In recent years, drug-licensing agencies such as the Food and Drug Administration (FDA) and European Medicines Agency (EMA) have embraced conditional, restricted approval mechanisms instead of making an initial binary decision as to whether a new treatment should be approved or rejected. Following initial market entry, in many healthcare systems, HTA bodies are tasked with advising practice guideline development panels and payers about the therapeutic and economic value of treatments. Similar to drug-licensing agencies, HTA bodies increasingly require the generation of additional evidence under so-called conditional coverage options [19]. For example, the UK’s National Institute for Health and Care Excellence can restrict the use of a new treatment to research participants in its “only in research” designation. In this capacity, drug-licensing agencies and HTA bodies are well positioned to strengthen the link between existing and future research and ensure that design features of future clinical trials are informed by the totality of available relevant evidence. A research agenda of national and international public and private funders of trials which is streamlined with the evidence needs of regulatory agencies, HTA bodies, and guideline developers could benefit from the conditional planning of trials and generate meaningful and relevant evidence faster and more efficiently.

Conclusion

The role of NMA in guideline development, HTA [19], and drug licensing [20] is increasingly recognized [21]. Conditional trial design extends the use of NMA to the efficient design of future trials.
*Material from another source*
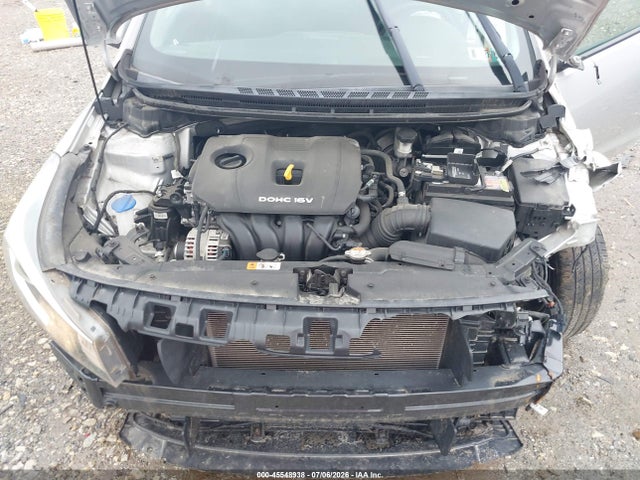 KIA FORTE LX 2017 3KPFK4A79HE148352 Image 10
As Altman pointed out in 1994, we need less but better research and research done for the right reasons [22]. Since then, specific recommendations have been made to increase the value of clinical research and reduce waste [23]. We believe that conditional trial design, used judiciously based on a homogenous and coherent network of the available controlled trials, can obtain conclusive results earlier, facilitate timely decision-making, and reduce research waste.